Thursday, July 03, 2014

Pension reform dealt blow by Illinois Supreme Court

Crain's Chicago Business reports:
In a case with ominous implications for the state's pension reform law, the Illinois Supreme Court ruled today that the state constitution's pension protection clause prevents any diminishment of health care benefits for retired state employees.

The 6-1 decision said the pension protection clause overrode the state's argument that its police powers, applied to dealing with the state's budget crisis, justified a recalculation of what retirees must pay for their health benefits.

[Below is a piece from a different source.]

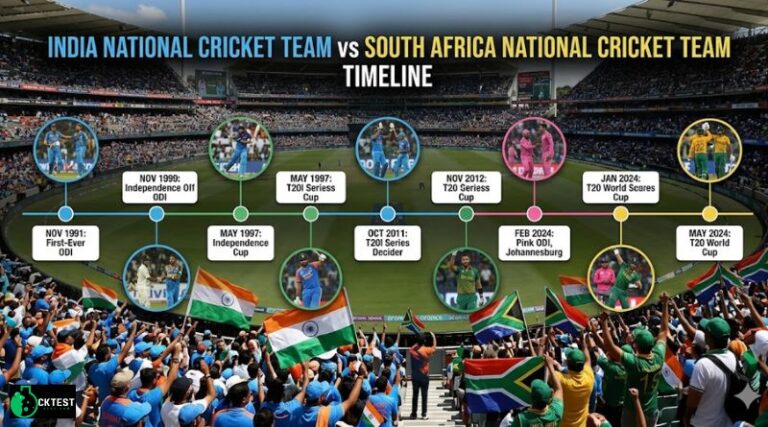 India National Cricket Team vs South Africa National Cricket Team Timeline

“This is a major victory for members of state retirement systems,” said John Fitzgerald, a partner at Chicago law firm Tabet DiVito & Rothstein LLC who represents retired state teachers and school administrators. “I expect it will have a very significant effect on pending litigation” over the state's pension reform law. “It means that the Illinois Supreme Court is giving the pension protection clause the broad and liberal interpretation that the drafters intended.”

The court rejected the state's argument that healthcare benefits are not covered by the pension protection clause, finding that there is nothing in the state constitution to support that.

“If they had intended to protect only core pension annuity benefits and to exclude the various other benefits state employees were and are entitled to receive as a result of membership in the State's pensions systems, the drafters could have so specified. But they did not,” according to the 30-page opinion written by Justice Charles Freeman. “We may not rewrite the pension protection clause to include restrictions and limitations that the drafters did not express and the citizens of Illinois did not approve."

The decision comes while the state is defending against challenges to an overhaul of pensions for state workers and school teachers outside of Chicago.
Higher taxes or insolvency for Illinois taxpayers? It maybe that reforms can't legally happen in Illinois without being in a federal bankruptcy court. Check out Justice Anne Burke's dissent:
To reach its result, the majority must read into the pension protection clause language that is not there. Nowhere in the clause does it state that every benefit which “results from,” is “conditioned on,” “flows directly from” or “is attendant to” being a member of a pension system is provided constitutional protection. These phrases, which form the crux of the majority’s opinion, are simply crafted out of whole cloth. It is fundamental that the judiciary may not add language to a constitutional provision that was not approved by the voters of this state. To do so is to usurp the sovereign power of the people. The majority’s addition of language to the clause is error.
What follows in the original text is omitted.